L’IGF a relevé de nombreuses anomalies dans la procédure de demande et d’attribution de logements dans la wilaya d’Alger.


Ainsi, il est précisé par exemple que certains postulants retenus dans la liste des bénéficiaires n’avaient même pas déposé de dossier et que beaucoup d’autres l’avaient remis juste avant la date de la réunion de la commission de wilaya ayant validé les listes. L’enquête de l’IGF a relevé que les procès-verbaux de la commission ne comportent pas les signatures de tous les membres, ce qui constitue une violation de la procédure. Elle fait ainsi ressortir 868 demandes déposées après la date limite de dépôt et 467 noms de bénéficiaires ne figurant pas sur la liste des présélectionnés. Il est précisé que 11 bénéficiaires ont obtenu une note inférieure ou égale à 40 points, alors que la liste validée par la commission est constituée de 11 760 postulants ayant tous une note supérieure ou égale à 80.

Parmi les bénéficiaires retenus en dehors de la liste présélectionnée, a noté l’IGF, figurent les personnels du Fonds, du ministère du Travail et de la Sécurité sociale, de la présidence de la République et six cas, tous enfants de membres du conseil d’administration du FNPOS. L’IGF a relevé par ailleurs que le Fonds a lancé une opération d’acquisition de 200 logements à Saïda, annulée mais dont les fonds n’ont pas été restitués. Pour ce qui est de la gestion des ressources humaines, l’enquête a fait ressortir une « forte mobilité du personnel notamment pour les postes d’encadrement, précisant que le nombre des démissions entre 2005 et 2008 a atteint 59, avec un nombre de 42 entre 2007 et 2008 ».

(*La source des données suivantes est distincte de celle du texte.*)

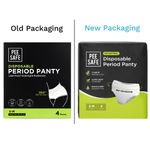 Buy Pee Safe Disposable Period Panties for Women (S-M) - 4 Pc - Purplle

Il est signalé que plusieurs cadres ont subi des sanctions de différentes formes pour avoir refusé de signer des procès-verbaux entachés d’irrégularités, notant par ailleurs que six logements de fonction sont occupés par d’anciens cadres du Fonds contre lesquels des actions en justice ont été entamées et d’autres par des membres du conseil d’administration, des membres de l’UGTA, le directeur de l’Anem et un député.